Le bouc émissaire viendra inévitablement des institutions qui ont porté l’espoir de ce cycle. Sera-ce un cri flou, collectif — « les institutions ont tué le marché crypto » — visant l’empire ETF de BlackRock, ou ces hommes en costume anonymes qui ont combattu notre dollarisation ?
Ou bien prendra-t-il une forme plus précise, plus personnalisée ? MicroStrategy s’effondrera-t-il, son pari de 40 milliards de dollars sur le Bitcoin s’évaporant dans un effondrement spectaculaire de levier, transformant Michael Saylor en roi ultime de la spéculation — naguère visionnaire, désormais sacrifié pour nos péchés ? Peut-être que Trump, le KOL suprême qui nous a abandonnés via son Meme coin, deviendra lui aussi la cible de toutes les colères.

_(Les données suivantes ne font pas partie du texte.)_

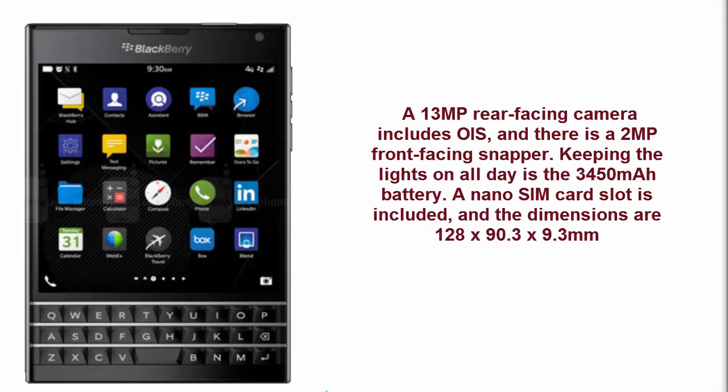A 13-megapixel rear-facing camera includes OIS, and there is a 2-megapixel front-facing snapper. Keeping the lights on all day, the battery capacity of the BlackBerry Passport is 3450 mAh. The nano SIM card slot is included, and the dimensions are 128 x 90.3 x 9.3 mm.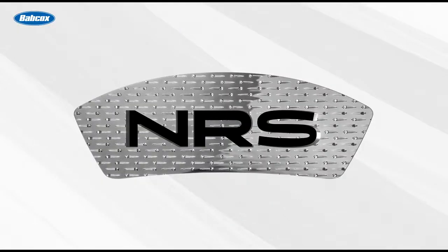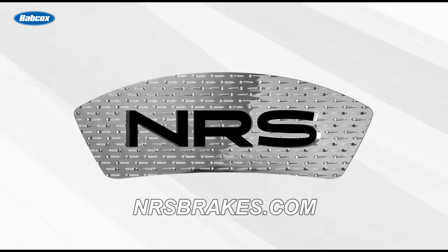This video is sponsored by NRS Brakes. NRS Brakes are the world's longest lasting brake pads. Order online at NRSBrakes.com.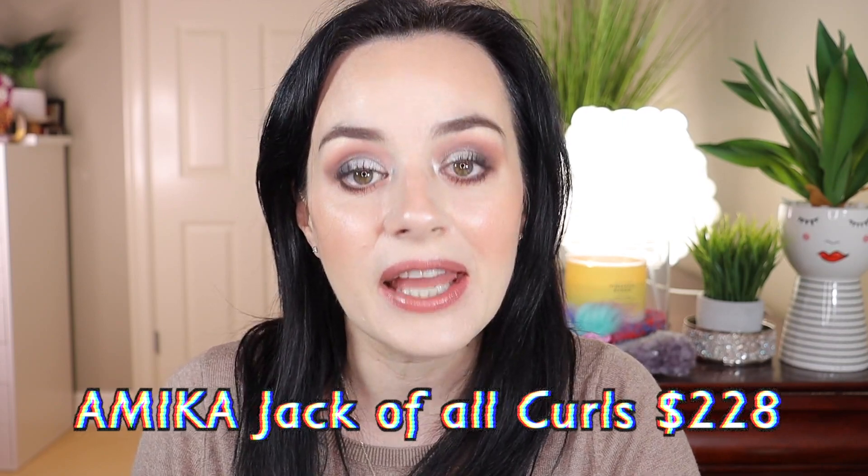This Amika Jack of All Curls retails for $228 Canadian and you can purchase it at Sephora — I'll link it in the description box below. It's basically an interchangeable curling iron without a clip. All the clip-free barrels offer curling versatility, from the smaller curls with the small barrel to loose wavy bigger curls with the large one, and three more in the middle. The negative ions help seal the cuticle and give frizz-free curls. The ceramic barrel allows for silky, crease-free results. It comes in a beautiful travel case for on-the-go use.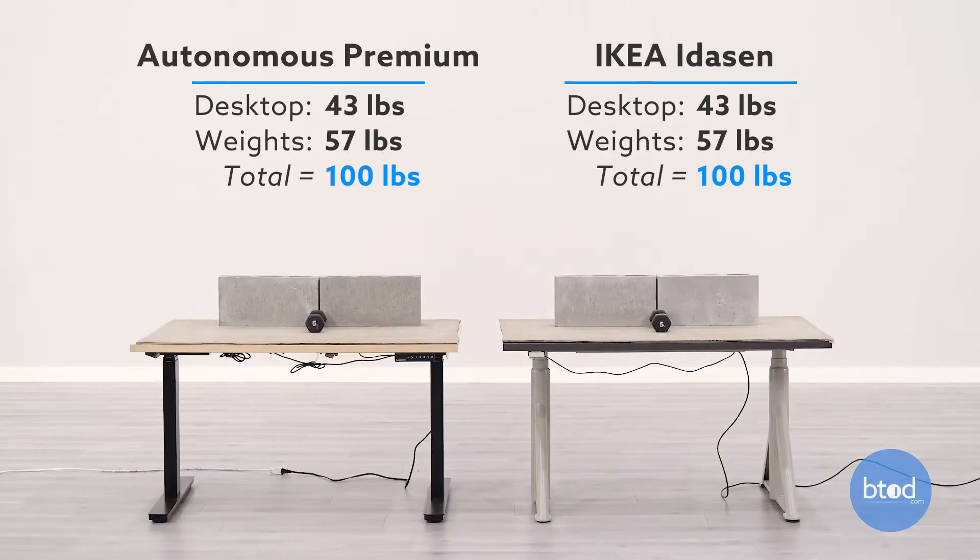Before we jump into our first comparison, let's talk about the setup. As you can see, each desk has two cinder blocks, a smaller dumbbell, and the weight of the surface to get to the initial 100 pounds. I also have my cell phone here to control the IKEA Itizen through the LINAC Desk Connect app, which allows me to move the desk without the use of the handset since it doesn't have a programmable one-touch. Watch to see how each desk performs through the adjustment range, especially as we add additional weight to the surface.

Nous ne sommes pas encore au plancher, du moins pas encore. Le chaos mimétique continue. Le deuxième acte approche. Il pourrait, comme par le passé, commencer par une folle ascension avant de sombrer dans un abîme plus profond. Rien n’est certain.
Une chose est sûre : le bouc émissaire va apparaître, et il portera probablement un costume. S’il ne porte pas de costume, on l’accusera peut-être justement de cela.